Blogs > Liberty and Power > Bush Ads using 9/11

Mar 13, 2004

Bush Ads using 9/11




Time to change the subject.

I've been following the controversy over Bush's use of 9/11 imagery in his campaign ads, and I really don't get the objections. Let me preface this by saying that I can imagine some uses of 9/11 that would cross the line, but talking about 9/11 and using short, non-graphic images as part of a re-election campaign is totally in-bounds. However much I might disagree with decisions he has made, Bush has the right to run on what he perceives his record to be. If that includes his supposed leadership post-9/11, then so be it. As many have noted, if he didn't do that, he'd be the first president not to use his leadership of an ongoing war as a campaign issue.

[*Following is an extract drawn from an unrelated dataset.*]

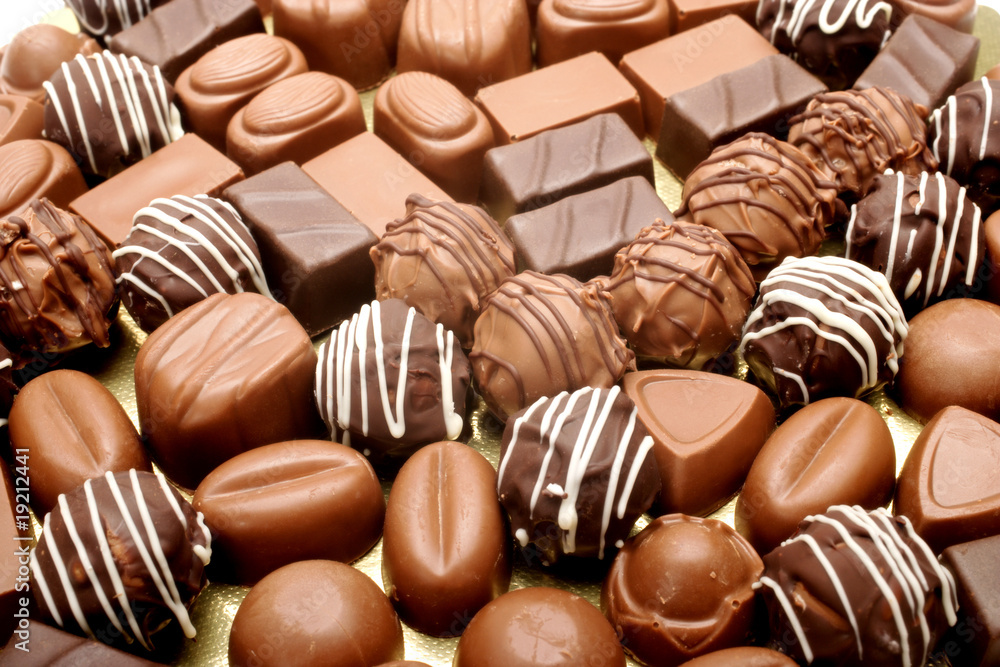 Fototapeta premium close up shot of chocolates on white background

What's bothering me more, however, is the way the objectors are couching their objections - specifically, the claim that 9/11 is a "national tragedy" and should not be "politicized." As Col. Potter might say: "Horsehockey!!" Although it's a "tragedy" in the dictionary sense, using that language drains the event of any moral dimension, as if it were just another example of "shit happens." The reality is that 9/11 was an act of mass murder and that mass murder was a politically-motivated act (again, whatever one thinks of what Bush has done since). To say that it is a tragedy that we can't even discuss but in tones of reverent wallowing in collective grief enables us to avoid asking the really tough questions about why it happened, how to prevent a repeat performance, and what if anything we should do to those who did it. It can't not be politicized - it was a political act. And, therefore, political actors in the US have every right to use it as part of their campaigns, within reason of course.

The attempt to stop reasonable discussion and use of 9/11 in favor of our collective self-pity is just one more sign of the "Oprahization" of American discourse, political and otherwise.